E. Copie authentique de l'année 1492, dans la transcription, collationnée en Parlement le 17 décembre de cette même année, d'un vidimus original de Louis XI, du mois d'août 1470, aujourd'hui perdu, Archives nationales, S 2345, n° 24, d'après le vidimus susdit, dérivant lui-même de B.
F. Copie authentique de l'année 1495, dans une autre transcription, collationnée le 9 juillet de la même année, du vidimus de Louis XI cité sous la lettre E, Archives nationales, K 14, n° 9 (carton), d'après la même source que E.
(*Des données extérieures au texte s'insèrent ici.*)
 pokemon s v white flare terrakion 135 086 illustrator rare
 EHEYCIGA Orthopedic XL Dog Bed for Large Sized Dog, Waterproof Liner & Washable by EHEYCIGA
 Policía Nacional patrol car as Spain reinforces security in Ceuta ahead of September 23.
G. Copie authentique de l'année 1540, dans une autre transcription du vidimus de Louis XI cité sous la lettre E, Archives nationales, S 2353, d'après la même source que E et F.
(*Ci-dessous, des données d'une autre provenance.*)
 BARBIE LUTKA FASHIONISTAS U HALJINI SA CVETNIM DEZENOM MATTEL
H. Copie du xviie s., sur papier timbré, dans une transcription du vidimus épiscopal mentionné sous la lettre B, Archives nationales, S 2345, d'après B.
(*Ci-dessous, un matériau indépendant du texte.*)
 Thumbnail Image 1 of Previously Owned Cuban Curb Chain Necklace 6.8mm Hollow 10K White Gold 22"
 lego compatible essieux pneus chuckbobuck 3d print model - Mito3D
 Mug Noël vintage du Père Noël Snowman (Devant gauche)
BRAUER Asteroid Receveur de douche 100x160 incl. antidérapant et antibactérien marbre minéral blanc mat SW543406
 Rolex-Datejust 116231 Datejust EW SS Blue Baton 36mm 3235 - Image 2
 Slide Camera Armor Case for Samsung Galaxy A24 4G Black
I. Copie du début du xive s., dans le cartulaire de Saint-Denis dit Cartulaire de Rueil, Archives nationales, LL 1167, fol. 1, d'après D.
J. Copie du xive s., dans le Cartulaire de Thou ou Colbertin, Bibliothèque nationale, ms. lat. 5415, p. 77, d'après C ou D.
K. Copie du xive s., ibidem, p. 471, d'après D.
L. Copie du xviiie s., Archives nationales, LL 1160, p. 88, d'après J.
M. Copie du xviiie s., ibidem, p. 336, d'après K.
N. Copie du xviie s., par André Du Chesne, Bibliothèque nationale, Collection Baluze, vol. 55, fol. 355v°, d'après J.
O. Copie du xviie s., Bibliothèque nationale, ms. lat. 17110, fol. 38, d'après J.
P. Copie du xviie s., ibidem, fol. 242, d'après K.
Q. Copie du xviie s., Bibliothèque nationale, ms. franç. 16177, fol. 105, d'après K.
R. Copie notariée du xviie s., dans une transcription de la copie du vidimus de Louis XI, signalée sous la lettre G, Archives nationales, S 2345, n° 32, d'après G.
S. Copie du xviie s., Bibliothèque de Carpentras, ms. 1791 (Peiresc, XXIII, 1), fol. 620v°.
T. Copie informe du xviie s., Archives nationales, K 14, n° 9 (carton), d'après B ou une copie dérivée de B.
U. Copie informe du xviiie s., sur papier timbré, ibidem.
V. Copie du xviiie s., collationnée le 16 septembre 1746 par le greffier en chef de la Chambre des comptes, Archives nationales, K 181, n° 104.
a. Doublet, Histoire de l'abbaye de Saint-Denis, p. 806, d'après A.
b. Labbe, Alliance chronologique, t. II, p. 471 (année 874), édition partielle.
c. Gallia christiana, t. VII, instrumenta, col. 14 (année 873), probablement d'après a.
d. Félibien, Histoire de l'abbaye de Saint-Denis, preuves, p. LXXVI, n° c (année 870), d'après A.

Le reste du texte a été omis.